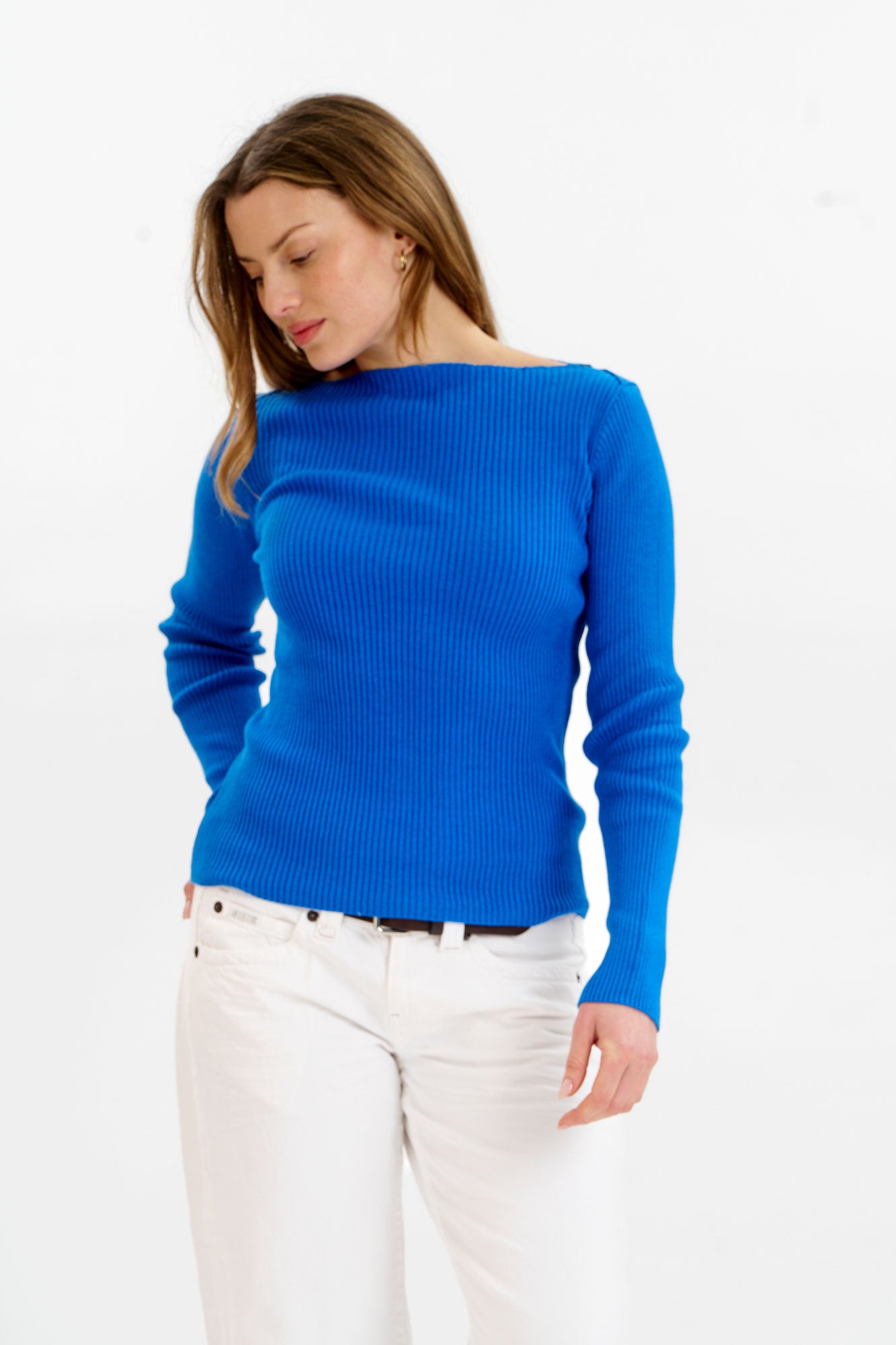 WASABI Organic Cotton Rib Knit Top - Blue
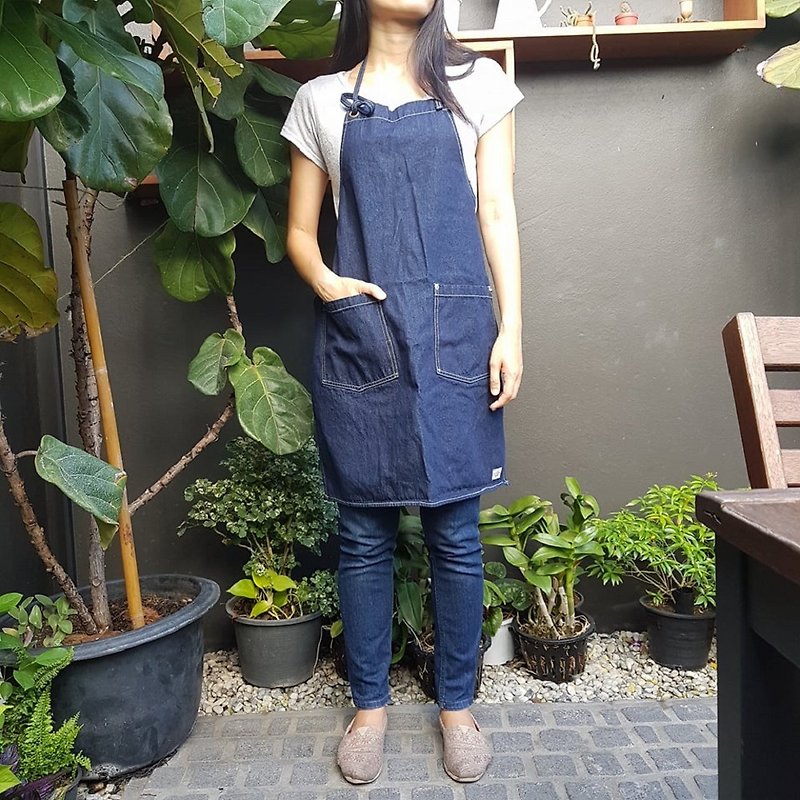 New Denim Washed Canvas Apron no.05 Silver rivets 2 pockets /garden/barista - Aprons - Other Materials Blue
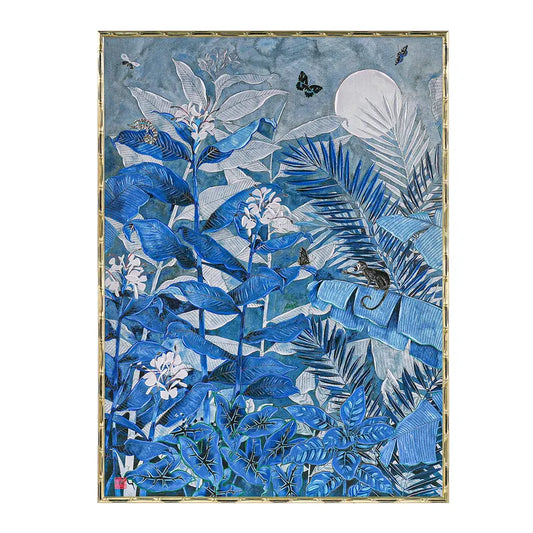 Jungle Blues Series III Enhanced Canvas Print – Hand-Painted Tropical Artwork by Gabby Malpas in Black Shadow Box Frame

## WORK TO BE COMPLETED
Set down every line above exactly, pictures excluded.

## EXERCISE SOLUTION
 WASABI Organic Cotton Rib Knit Top - Blue
 New Denim Washed Canvas Apron no.05 Silver rivets 2 pockets /garden/barista - Aprons - Other Materials Blue
 Jungle Blues Series III Enhanced Canvas Print – Hand-Painted Tropical Artwork by Gabby Malpas in Black Shadow Box Frame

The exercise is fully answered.